___ Data for processing ___

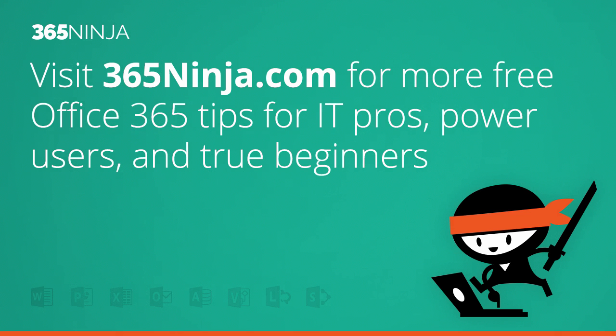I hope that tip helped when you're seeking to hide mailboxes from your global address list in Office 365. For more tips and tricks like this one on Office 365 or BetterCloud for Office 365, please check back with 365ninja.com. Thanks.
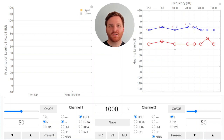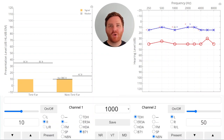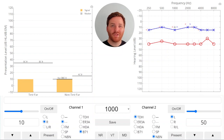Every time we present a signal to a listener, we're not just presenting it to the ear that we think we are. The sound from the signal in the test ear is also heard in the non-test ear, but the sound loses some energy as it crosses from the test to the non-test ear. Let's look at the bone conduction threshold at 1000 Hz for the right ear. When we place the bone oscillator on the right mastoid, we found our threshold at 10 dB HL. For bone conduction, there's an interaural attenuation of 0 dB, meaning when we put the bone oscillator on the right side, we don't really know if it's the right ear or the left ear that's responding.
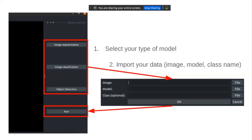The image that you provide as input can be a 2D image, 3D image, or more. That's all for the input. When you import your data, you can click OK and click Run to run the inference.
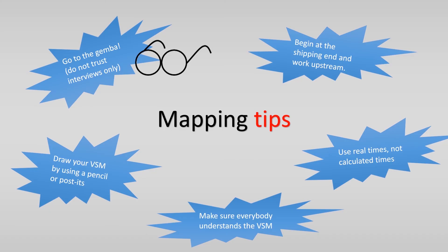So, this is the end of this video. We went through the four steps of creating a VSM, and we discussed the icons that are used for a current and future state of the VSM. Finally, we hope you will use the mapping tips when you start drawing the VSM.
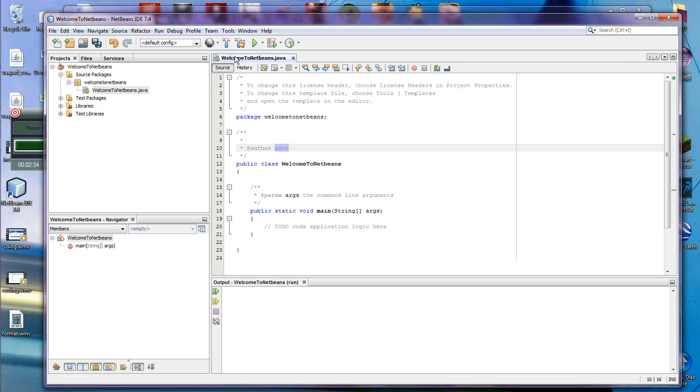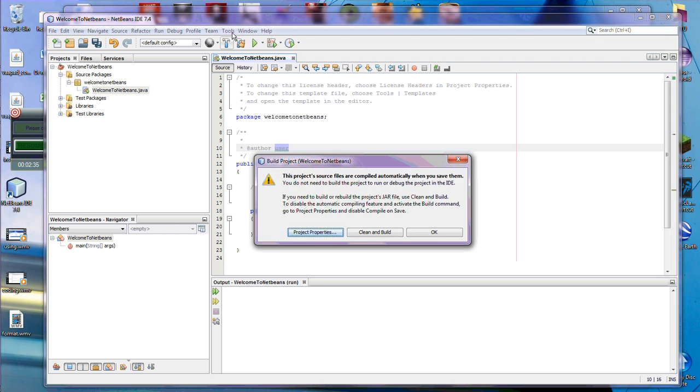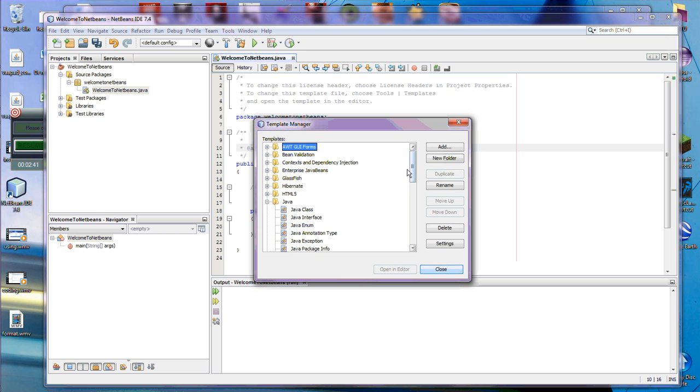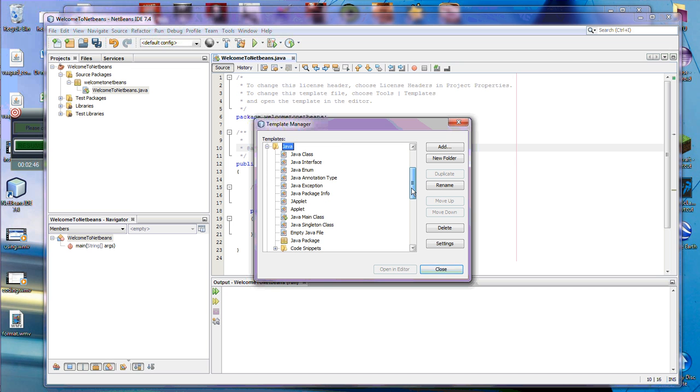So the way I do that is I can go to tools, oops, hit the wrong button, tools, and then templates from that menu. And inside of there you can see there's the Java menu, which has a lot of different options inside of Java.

___

Task to carry out: Print only the lines from the one with "The image that" through the last line of the data above, exactly and with both ends, and please omit any pictures.

Result of this exercise:
The image that you provide as input can be a 2D image, 3D image, or more. That's all for the input. When you import your data, you can click OK and click Run to run the inference.
So, this is the end of this video. We went through the four steps of creating a VSM, and we discussed the icons that are used for a current and future state of the VSM. Finally, we hope you will use the mapping tips when you start drawing the VSM.
So the way I do that is I can go to tools, oops, hit the wrong button, tools, and then templates from that menu. And inside of there you can see there's the Java menu, which has a lot of different options inside of Java.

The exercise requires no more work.